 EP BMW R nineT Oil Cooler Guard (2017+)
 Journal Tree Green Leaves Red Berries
==
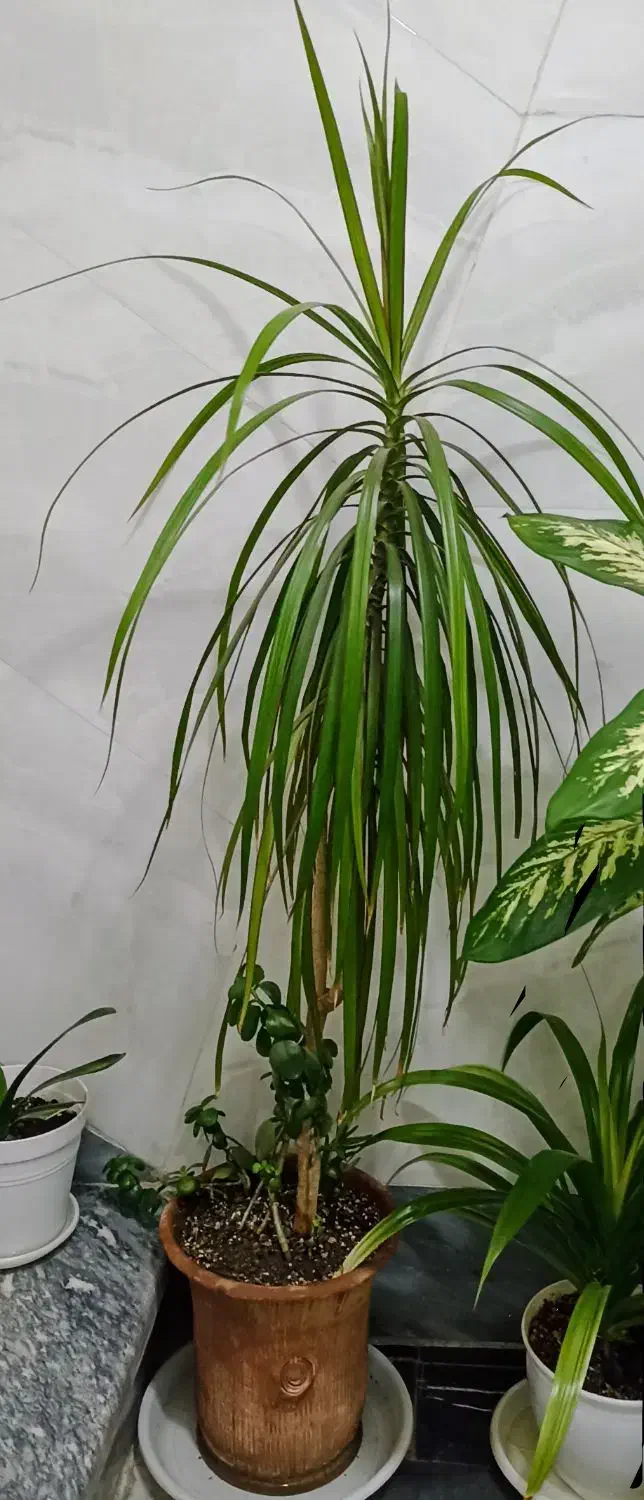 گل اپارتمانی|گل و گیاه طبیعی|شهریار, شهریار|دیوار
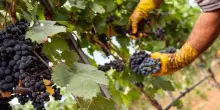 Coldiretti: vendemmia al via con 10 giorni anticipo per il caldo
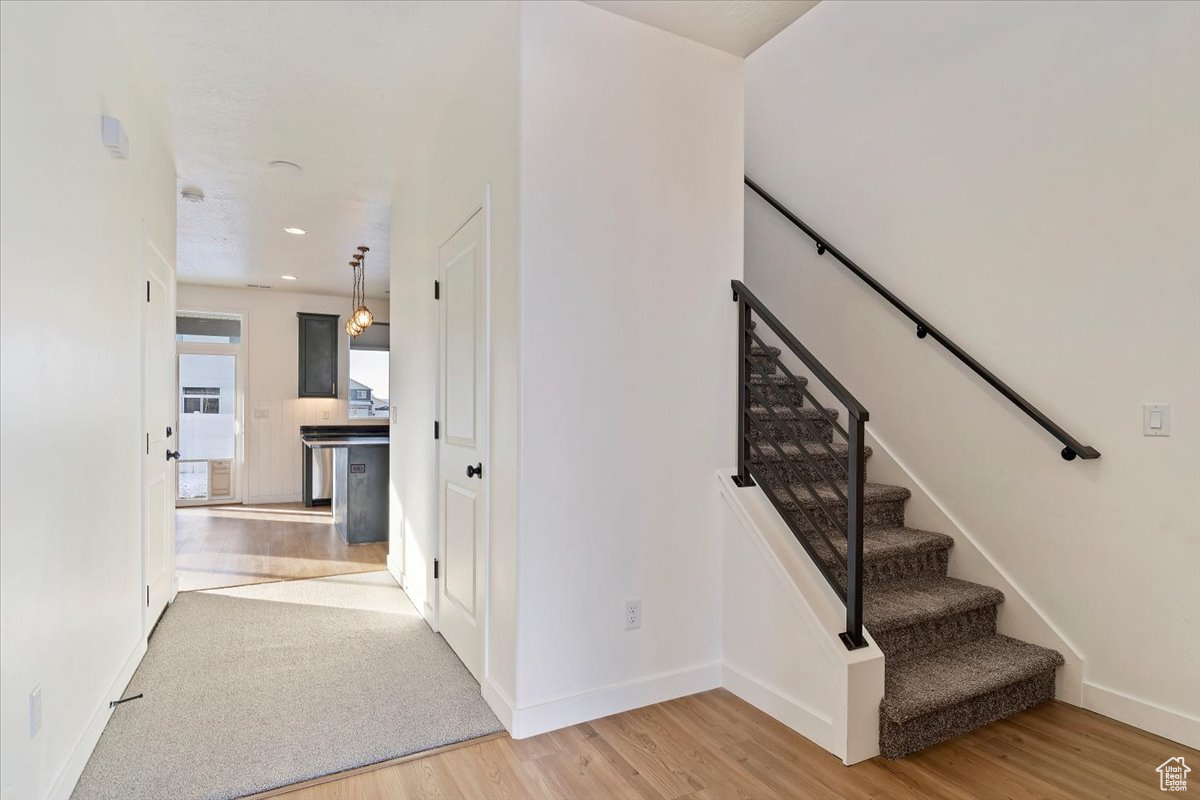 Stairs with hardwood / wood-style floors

**ASSIGNMENT**
Look above for the line with "Coldiretti: vendemmia al" and the line with "Stairs with hardwood / wood-style floors". Copy them and every line between, exactly, but no pictures.

**ANSWER TO THIS TASK**
 Coldiretti: vendemmia al via con 10 giorni anticipo per il caldo
 Stairs with hardwood / wood-style floors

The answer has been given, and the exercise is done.